L’Enseignant-Chercheur à la Faculté des Sciences Juridiques et Politiques et Chef du Département de Droit public à l’Université de Bangui, Abdias Ndomalé a développé une réflexion autour de textes officiels pris dans notre pays. Dans ce travail bien mérité, ce dernier a éclairé les lanternes sur les lois et décrets du temps de Djotodia et l’actuel pouvoir du président Touadéra. Ci-dessous l’intégralité de sa réflexion…

 TROP DE LOIS TUENT LA LOI

Le paradoxe de notre temps est le décalage entre l’ampleur des lois et le côté dérisoire du développement quantitatif. Devant la profusion des lois, les juristes déplorent « l’inflation législative » qui ravage l’activité des législatures caractérisées par la multiplication du volume des lois promulguées au cours de dernières décennies en RCA. Le contexte est marqué à la fois par la prolifération des lois et par la dégradation de la qualité des normes juridiques comportant le risque d’une insécurité juridique.

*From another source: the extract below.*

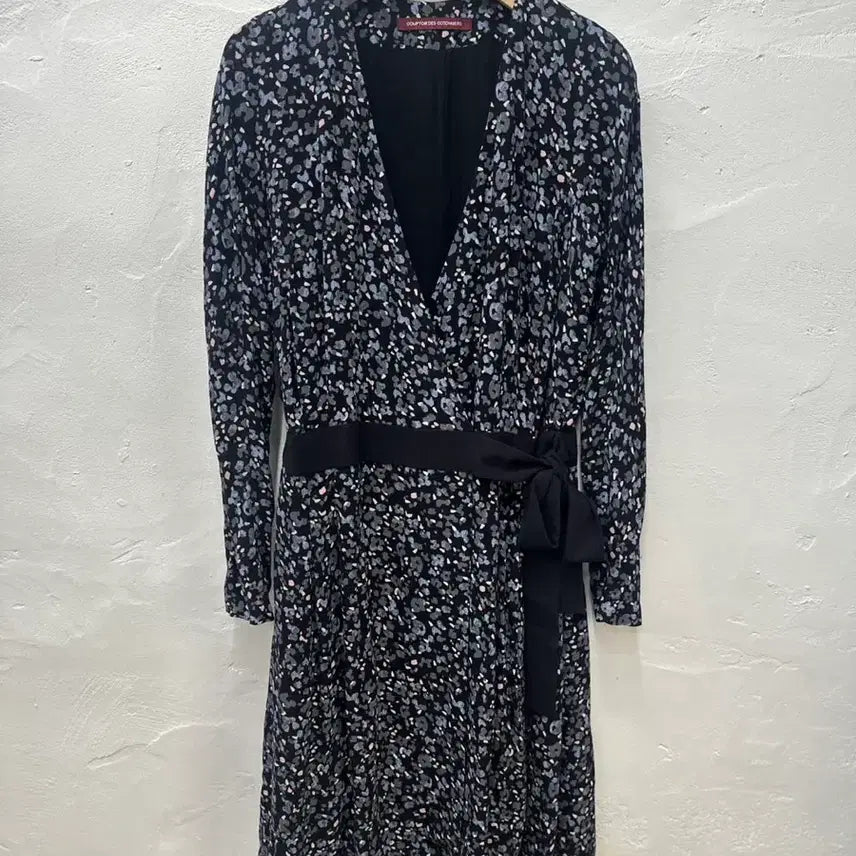 [BUNJANG] Comptoire des Cotonniers Women's Black Pattern Wrap Dress - 100% Rayon, Long Sleeve / 꽁뚜아르데꼬또니에 여 원피스 블랙패턴/랩원피스/인견100%/긴팔 44-5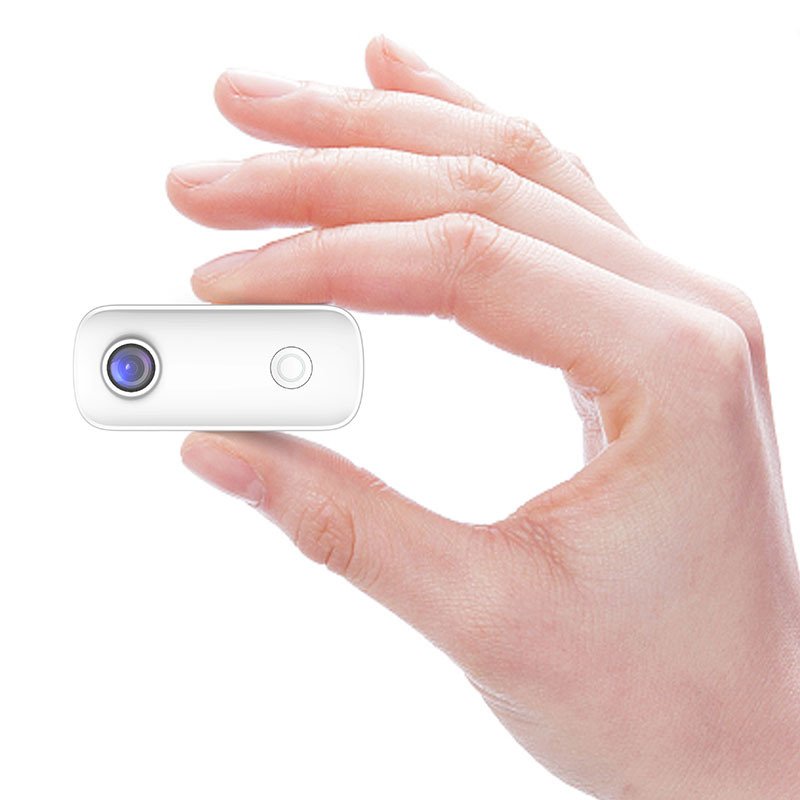 Action camera diving under the camera – Image 2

C’est un phénomène sociétal qui s’est accéléré avec l’alternance politique et les transitions en RCA. Dès lors, il est légitime de poser la question suivante :

Comment l’inflation législative détruit-elle la loi ?

Il est difficile pour l’homme de vivre sans loi, car la loi est la base de toute société. Le phénomène se présente ici en terme de, déséquilibre et d’excès. L’inflation législative se traduit par une mauvaise qualité de la loi, les textes sont longs, flous, tantôt la loi manque de clarté et d’intelligibilité…

La loi doit avoir certaines qualités : l’unité, l’ordre, la précision et la clarté. L’interprétation n’est nécessaire que lorsque le texte est obscur. Par contre, elle est superflue lorsque le texte est clair. Les citoyens  ont un sentiment d’insécurité juridique parce qu’ils ne savent plus distinguer la frontière entre comportement juridiquement répréhensibles  ou non.

Le concept d’inflation législative est englobant ; les textes réglementaires comme les décrets, les arrêtés y font partie intégrante. Dans le contexte centrafricaino-centrafricain, les décrets et les arrêtés sont plus nombreux que les lois. La tendance naturelle est à la multiplication des textes.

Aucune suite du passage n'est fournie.